**Instructions to follow:**
Below are records; copy every line among them that contains the word "black".

**Data under study:**
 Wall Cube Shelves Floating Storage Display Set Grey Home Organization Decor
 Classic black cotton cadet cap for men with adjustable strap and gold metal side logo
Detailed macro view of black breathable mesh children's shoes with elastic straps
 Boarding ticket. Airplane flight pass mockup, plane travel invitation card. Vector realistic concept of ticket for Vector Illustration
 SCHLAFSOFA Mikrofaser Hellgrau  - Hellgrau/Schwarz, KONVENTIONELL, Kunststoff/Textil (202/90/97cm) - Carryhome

---

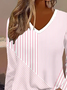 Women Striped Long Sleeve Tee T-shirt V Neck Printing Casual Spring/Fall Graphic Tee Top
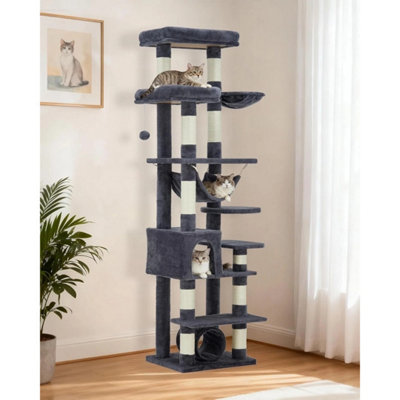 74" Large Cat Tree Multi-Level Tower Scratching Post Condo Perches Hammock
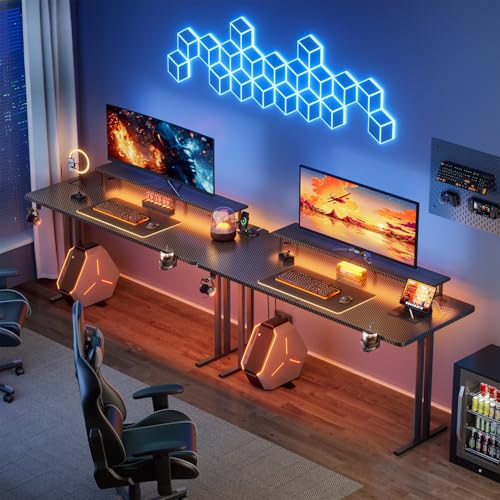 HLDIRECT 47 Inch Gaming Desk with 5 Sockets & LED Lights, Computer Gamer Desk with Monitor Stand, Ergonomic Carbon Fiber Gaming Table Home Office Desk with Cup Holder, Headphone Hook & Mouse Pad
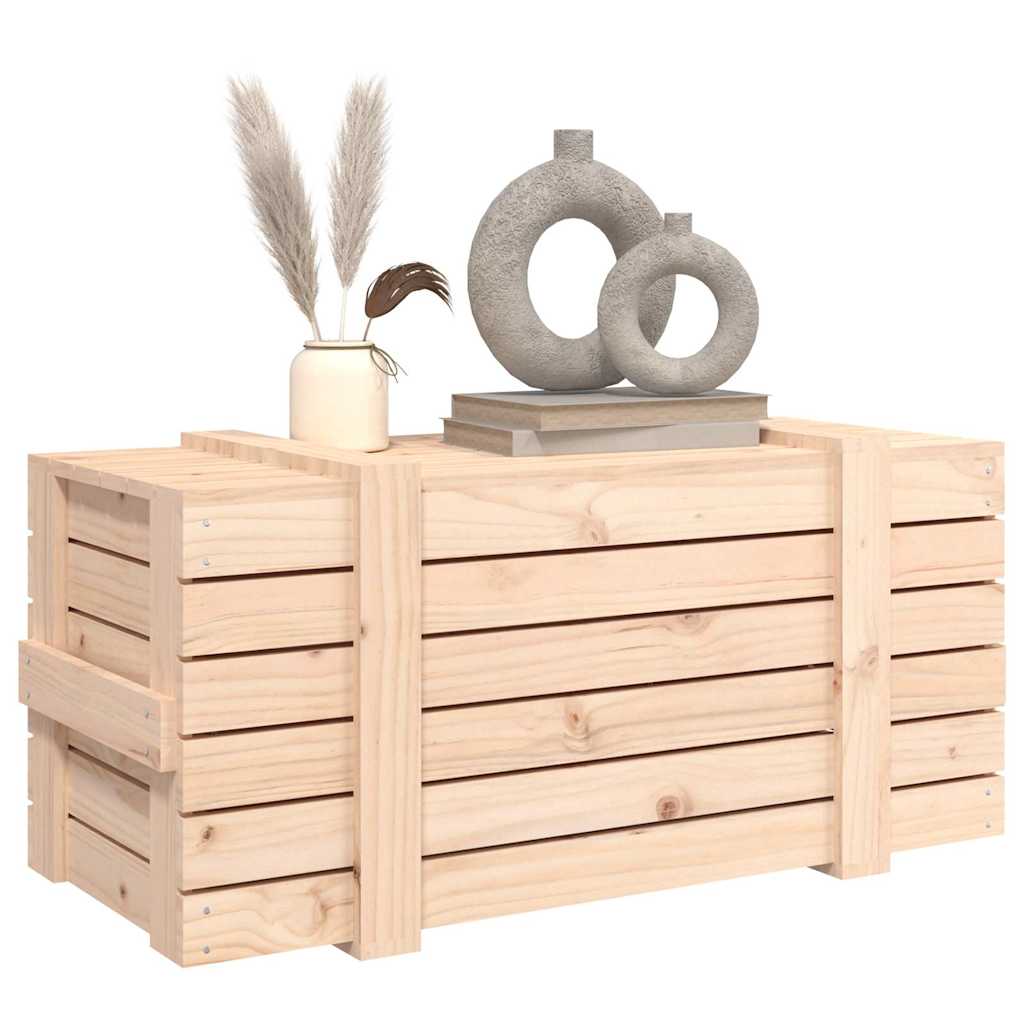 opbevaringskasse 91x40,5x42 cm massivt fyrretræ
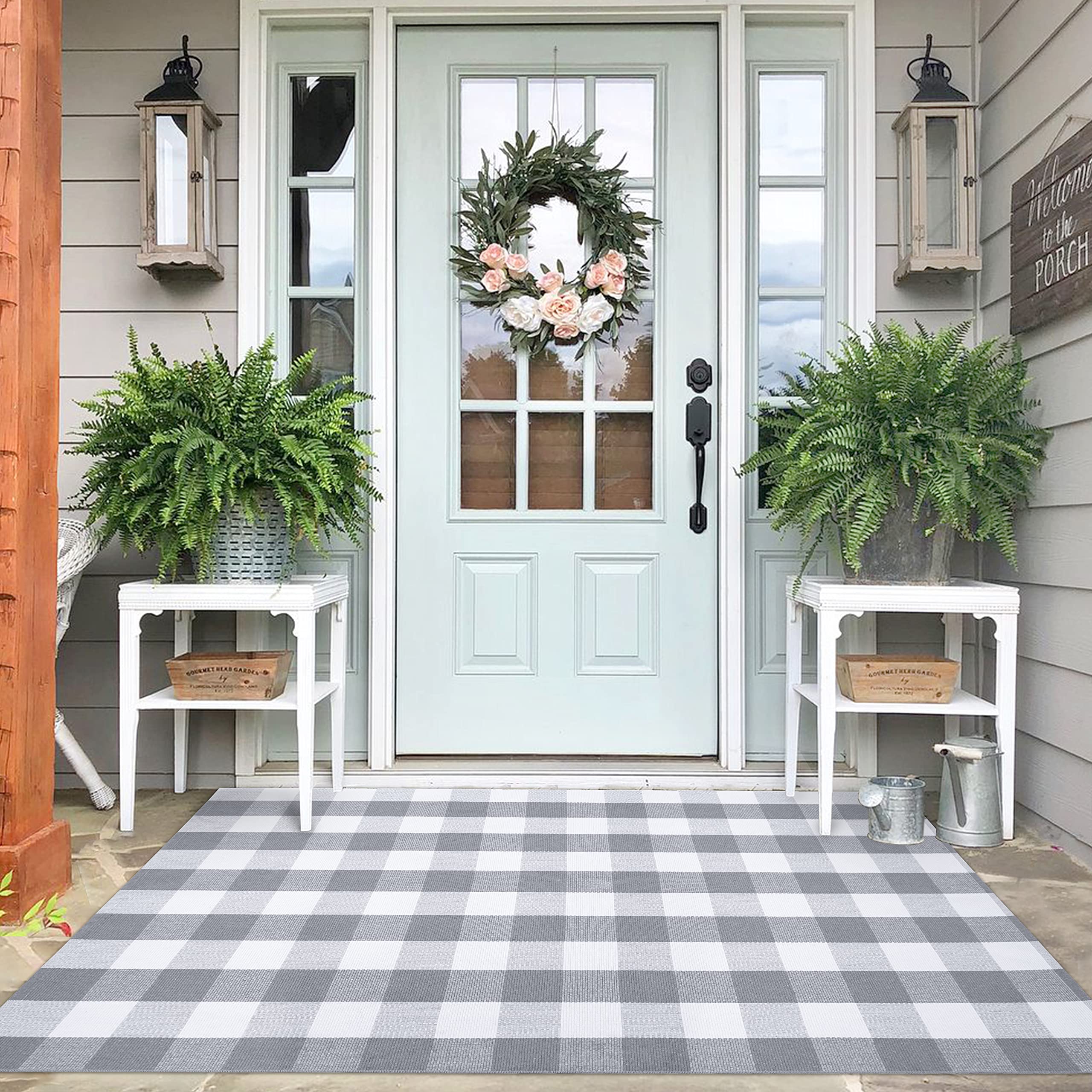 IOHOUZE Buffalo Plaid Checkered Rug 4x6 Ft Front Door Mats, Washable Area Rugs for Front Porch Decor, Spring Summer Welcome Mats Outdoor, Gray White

--

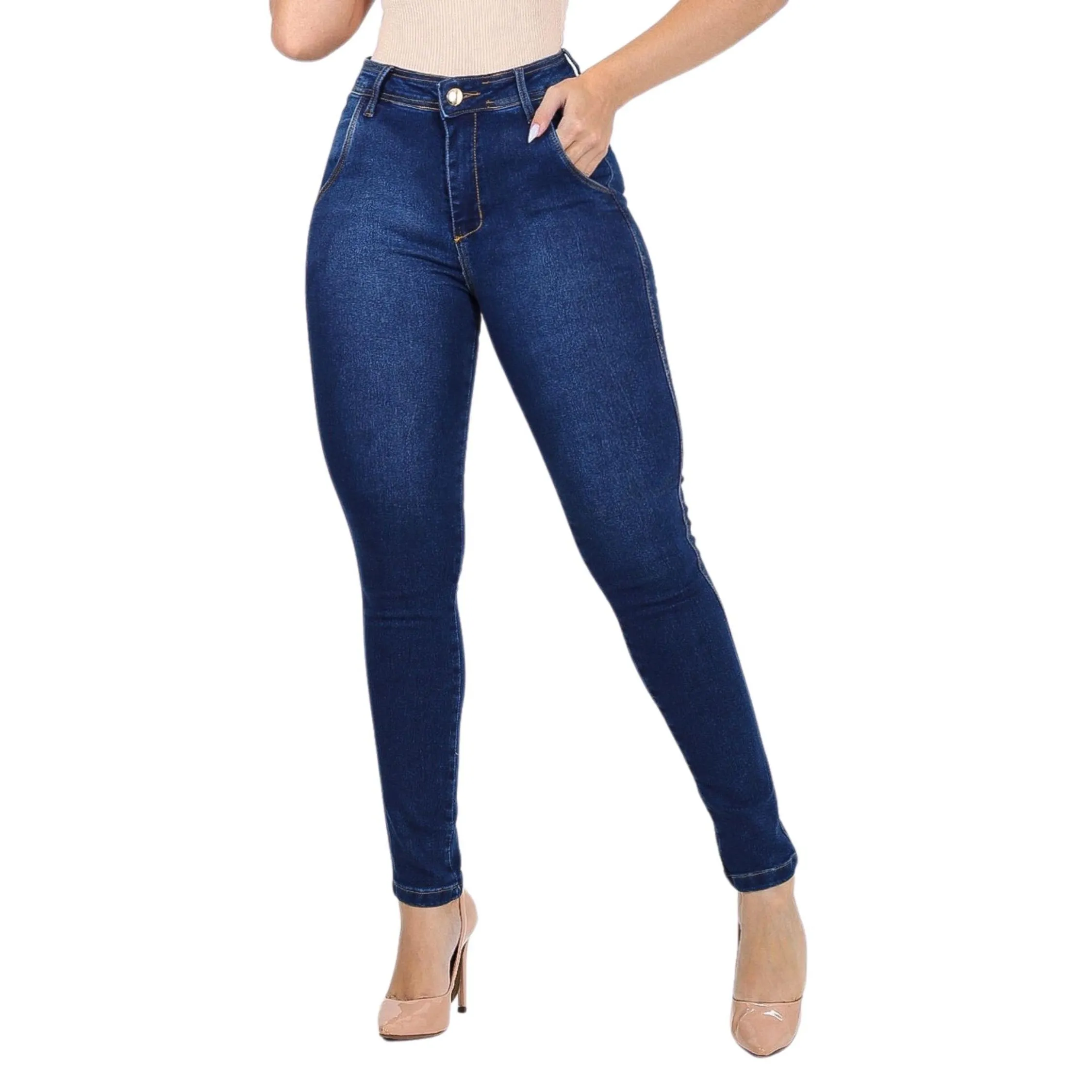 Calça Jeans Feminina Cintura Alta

**Task solution:**
 Classic black cotton cadet cap for men with adjustable strap and gold metal side logo
Detailed macro view of black breathable mesh children's shoes with elastic straps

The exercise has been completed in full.